Required work: Would you retype the lines from the one that holds "FILA Disruptor II Sneaker #3" to the final line of the entries below, both ends included and exactly as written, but without pictures?

Captioned web images:
━━━━━━━━━━━━━━━━━━━━

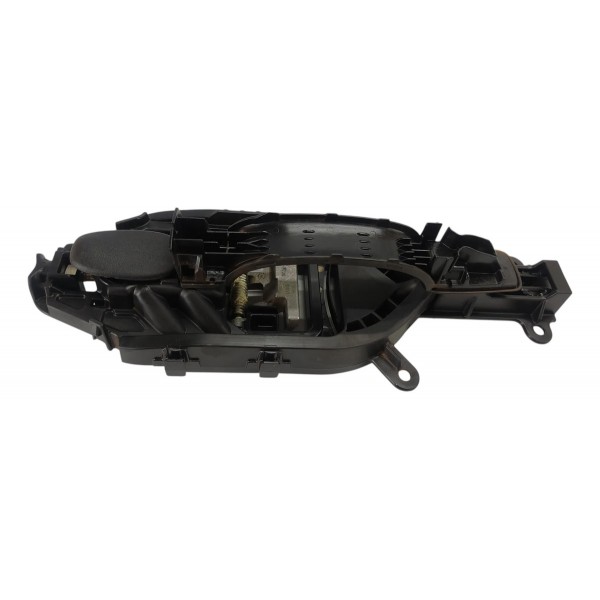 Maçaneta Externa T.e Ranger 3.0 V6 2025 Xls N1wbe224a37 Preto Traseira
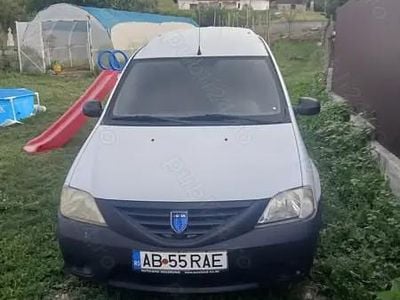 Utilizat 2008 Dacia Logan | 1.950 EUR (Preț bun)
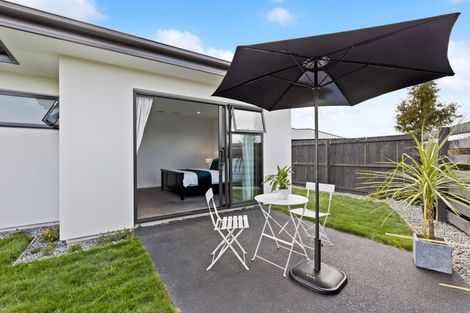 Photo of property in 10 Goodland Place, Rolleston, 7614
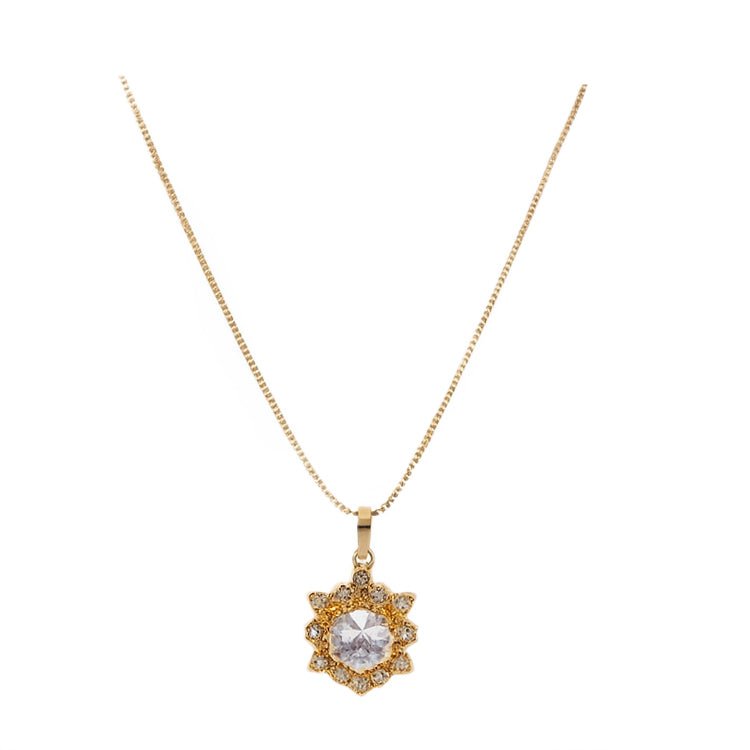 Women Pendant Jewelry - 003252j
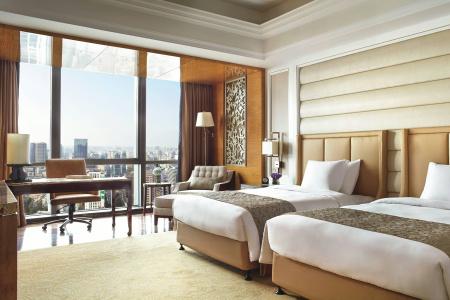 The Ritz-Carlton, Chengdu - 34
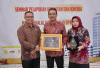 Kementerian ATR/BPN Tuntaskan 90,8% Rekomendasi BPK, Raih Penghargaan Nasional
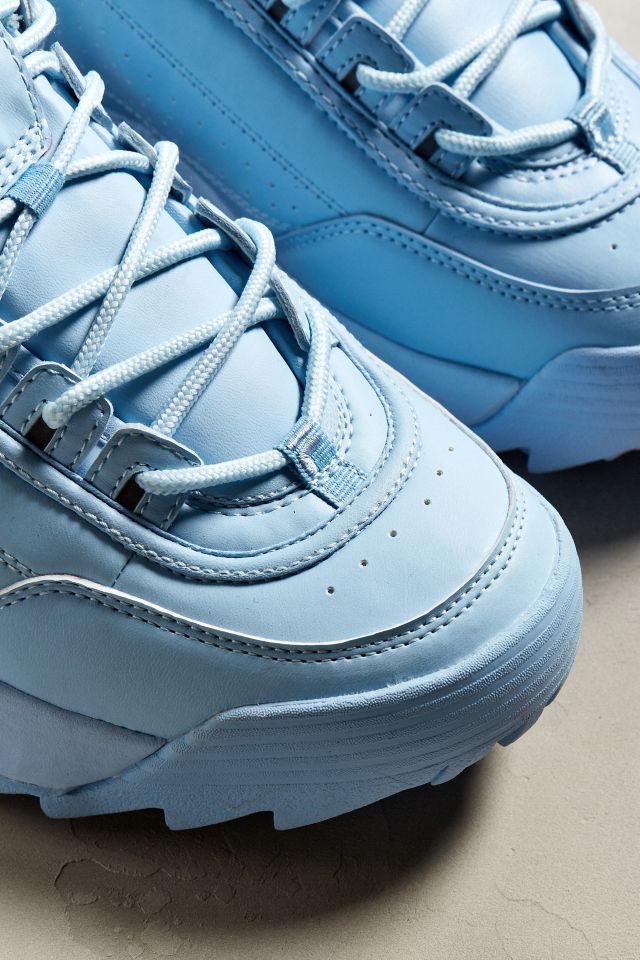 FILA Disruptor II Sneaker #3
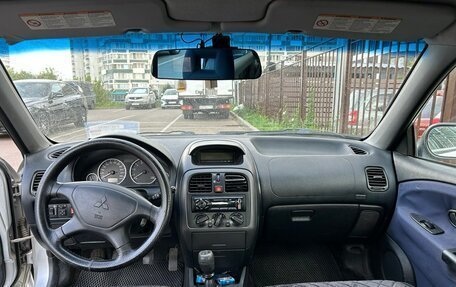 Mitsubishi Carisma I, 2003 год, 345 678 рублей, 7 фотография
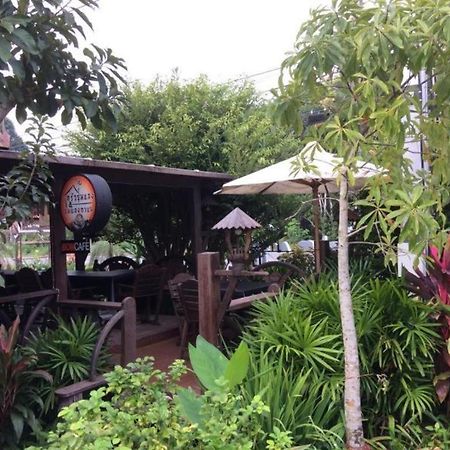 Burilamplai Resort Thung Yai Dış mekan fotoğraf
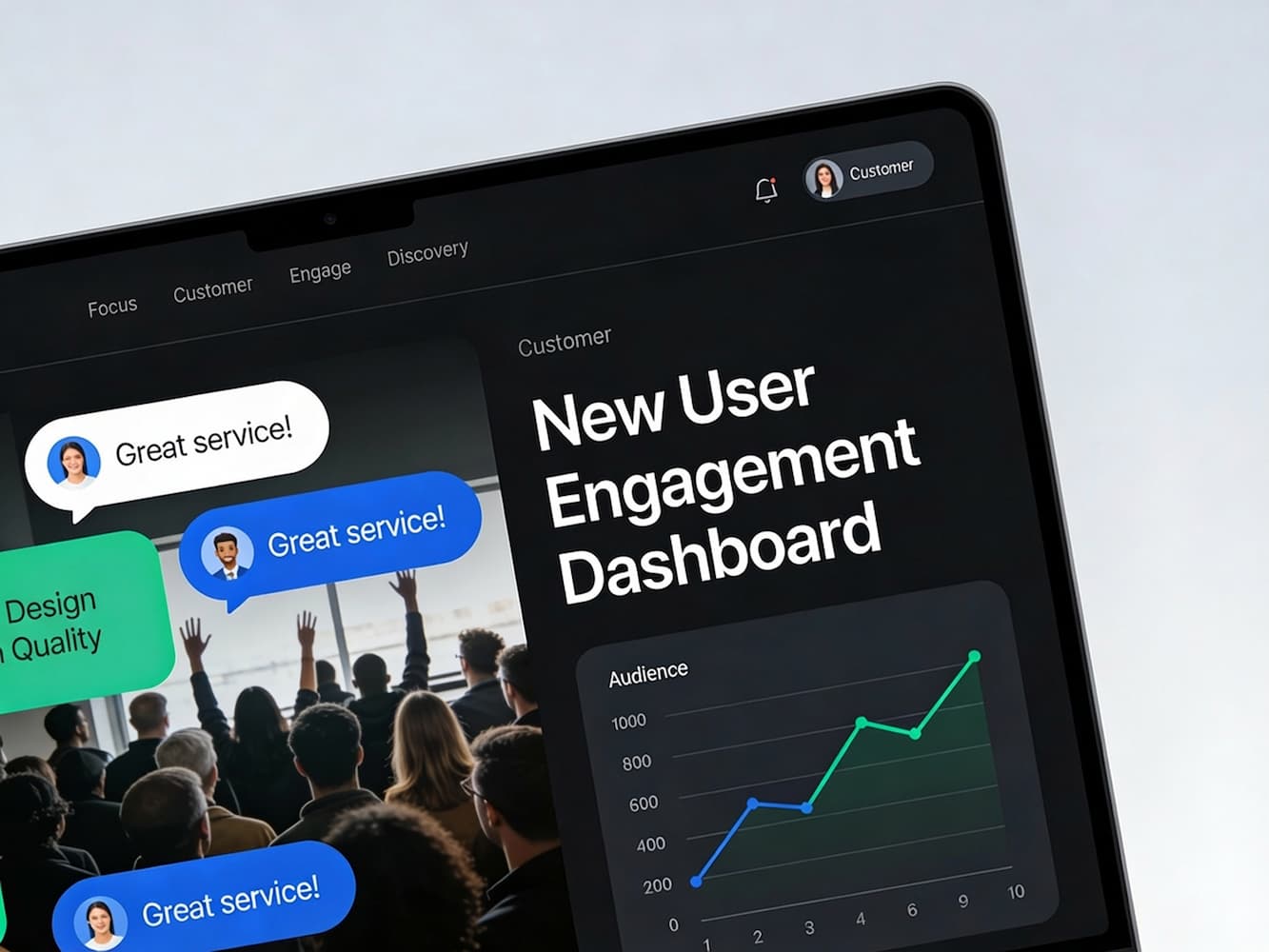 Woman scratching her head and wondering with a speech bubble thinking: "It's unfortunate that there isn't an easy way to find them."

━━━━━━━━━━━━━━━━━━━━

Solution for this exercise:
 FILA Disruptor II Sneaker #3
 Mitsubishi Carisma I, 2003 год, 345 678 рублей, 7 фотография
 Burilamplai Resort Thung Yai Dış mekan fotoğraf
 Woman scratching her head and wondering with a speech bubble thinking: "It's unfortunate that there isn't an easy way to find them."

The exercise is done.